(Apologies if this is off-topic.)
The Chinese character「能」was originally a picture of a kind of bear. The character was once used to represent a word meaning bear, but this word doesn't appear to have any modern descendants.
「能」was also used as a borrowed glyph to represent a wide range of other words via the rebus principle. The Old Chinese reconstructions of some of these words are given below:
/*nˤə/, /*nˤə(ŋ)/, /*nˤə(ʔ)/ (Baxter-Sagart, 2014)
/*nɯːŋ/, /*nɯːs/, /*nɯː/ (Zhengzhang, 2003)
The modern Chinese word for bear uses the derivative glyph「熊」, and is reconstructed as
- /*C.[ɢ]ʷ(r)əm/ (Baxter-Sagart)
- /*ɢʷlɯm/ (Zhengzhang)
in Old Chinese, and it is this word that is traced back to Proto-Sino-Tibetan /*dɣwjəm/ on the Wiktionary page.

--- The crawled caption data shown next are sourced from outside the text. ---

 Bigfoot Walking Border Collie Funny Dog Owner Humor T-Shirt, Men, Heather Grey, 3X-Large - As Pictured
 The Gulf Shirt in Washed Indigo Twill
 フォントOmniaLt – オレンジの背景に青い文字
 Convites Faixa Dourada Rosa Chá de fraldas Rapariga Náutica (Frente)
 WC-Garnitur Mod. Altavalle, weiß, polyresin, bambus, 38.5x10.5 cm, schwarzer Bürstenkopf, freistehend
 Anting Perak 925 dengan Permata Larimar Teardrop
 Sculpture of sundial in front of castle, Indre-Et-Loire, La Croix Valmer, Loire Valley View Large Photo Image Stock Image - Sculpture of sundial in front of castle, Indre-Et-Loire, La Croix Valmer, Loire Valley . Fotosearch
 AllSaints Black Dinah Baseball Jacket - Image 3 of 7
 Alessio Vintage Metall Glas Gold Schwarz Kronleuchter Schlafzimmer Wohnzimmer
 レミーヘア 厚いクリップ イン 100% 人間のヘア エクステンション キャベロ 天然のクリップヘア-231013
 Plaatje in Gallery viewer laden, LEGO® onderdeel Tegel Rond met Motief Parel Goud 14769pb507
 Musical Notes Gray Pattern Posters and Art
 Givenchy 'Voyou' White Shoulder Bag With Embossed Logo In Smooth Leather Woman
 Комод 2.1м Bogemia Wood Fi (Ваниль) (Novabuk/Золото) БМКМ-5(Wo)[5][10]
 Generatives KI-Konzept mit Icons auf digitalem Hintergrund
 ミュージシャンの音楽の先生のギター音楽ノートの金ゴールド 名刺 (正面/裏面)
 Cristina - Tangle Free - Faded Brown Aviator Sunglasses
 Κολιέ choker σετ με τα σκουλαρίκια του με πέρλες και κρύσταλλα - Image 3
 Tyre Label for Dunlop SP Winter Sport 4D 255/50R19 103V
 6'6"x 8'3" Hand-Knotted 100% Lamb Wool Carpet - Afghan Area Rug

As far as I know, there have been no suggestions that「熊」(/*C.[ɢ]ʷ(r)əm/, /*ɢʷlɯm/) is cognate to any of the words that「能」represented. There also doesn't appear to have been any attempt to trace the word meaning bear for「能」any further back than Old Chinese.
Question:
Is it plausible that something that sounded like (/*nˤə/, /*nˤə(ŋ)/, /*nˤə(ʔ)/, /*nɯːŋ/, /*nɯːs/, or /*nɯː/) was also (along with「熊」) descended from Proto-Sino-Tibetan /*dɣwjəm/, or is /*dɣwjəm/ incompatible with any of the word reconstructions of「能」?